*** Data for the task ***
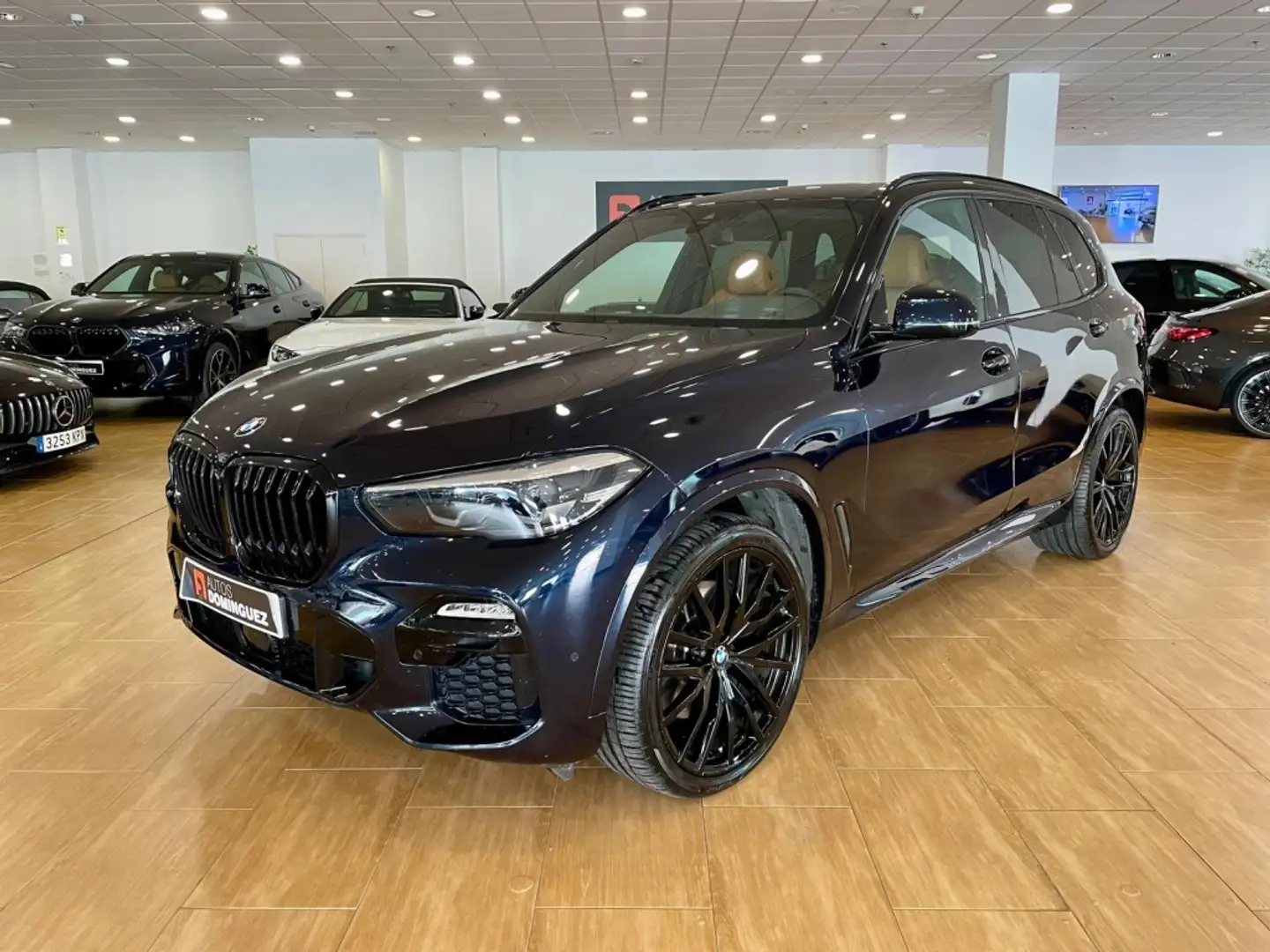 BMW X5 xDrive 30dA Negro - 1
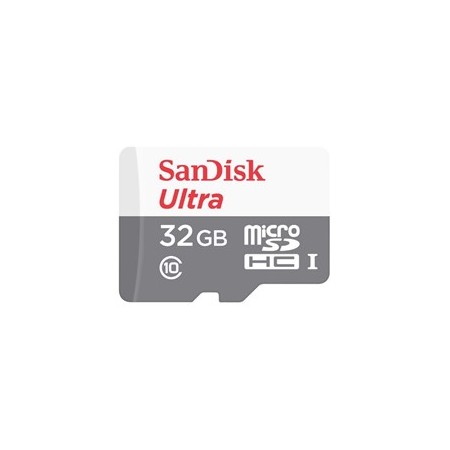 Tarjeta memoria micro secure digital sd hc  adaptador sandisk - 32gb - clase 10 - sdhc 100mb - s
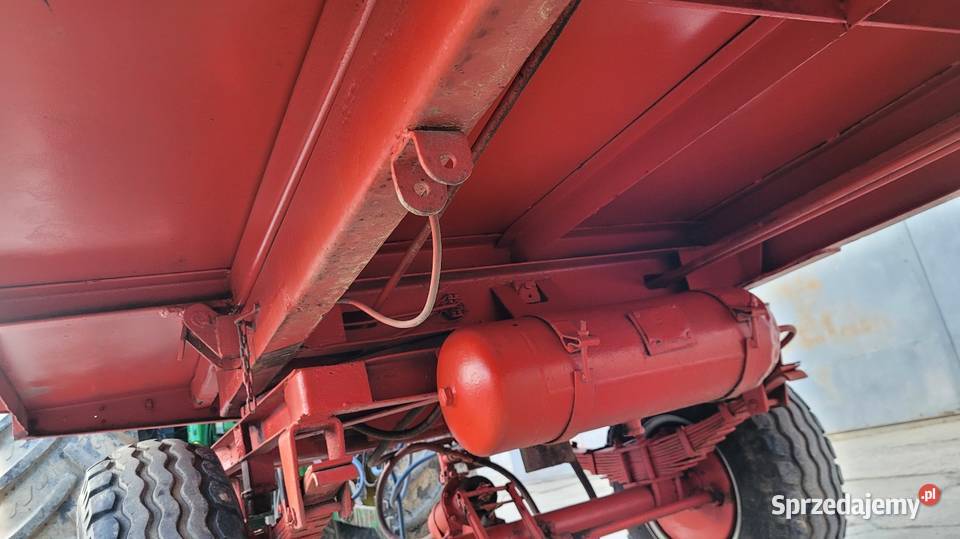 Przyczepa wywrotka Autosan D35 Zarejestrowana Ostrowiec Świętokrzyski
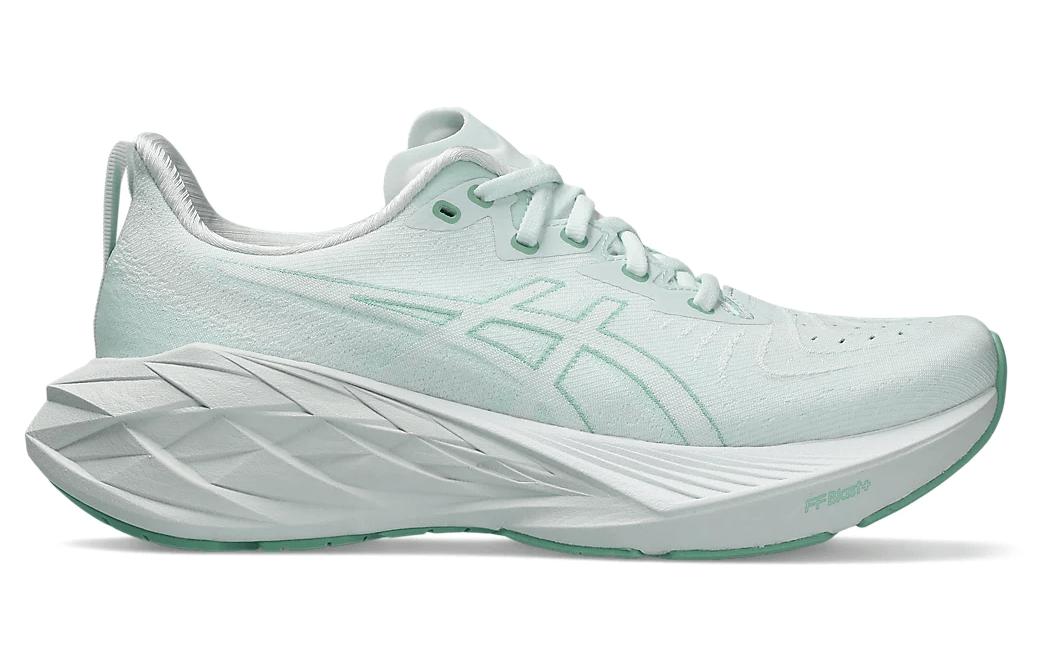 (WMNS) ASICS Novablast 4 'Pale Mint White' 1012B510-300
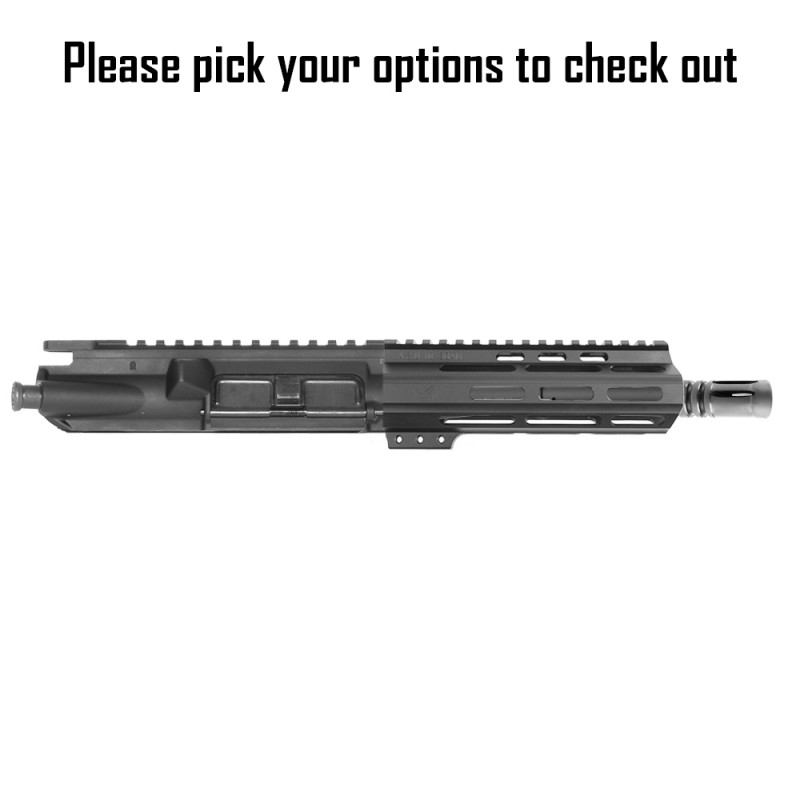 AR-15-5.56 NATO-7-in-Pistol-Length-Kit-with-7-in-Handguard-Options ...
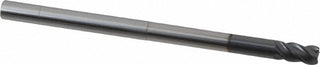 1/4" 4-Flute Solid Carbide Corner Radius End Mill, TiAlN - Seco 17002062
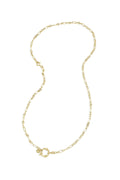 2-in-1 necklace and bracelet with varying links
*** End of Data for the task ***
An exact copy of all the records is required, with the pictures omitted.

_Response box_
 BMW X5 xDrive 30dA Negro - 1
 Tarjeta memoria micro secure digital sd hc  adaptador sandisk - 32gb - clase 10 - sdhc 100mb - s
 Przyczepa wywrotka Autosan D35 Zarejestrowana Ostrowiec Świętokrzyski
 (WMNS) ASICS Novablast 4 'Pale Mint White' 1012B510-300
 AR-15-5.56 NATO-7-in-Pistol-Length-Kit-with-7-in-Handguard-Options ...
 1/4" 4-Flute Solid Carbide Corner Radius End Mill, TiAlN - Seco 17002062
 2-in-1 necklace and bracelet with varying links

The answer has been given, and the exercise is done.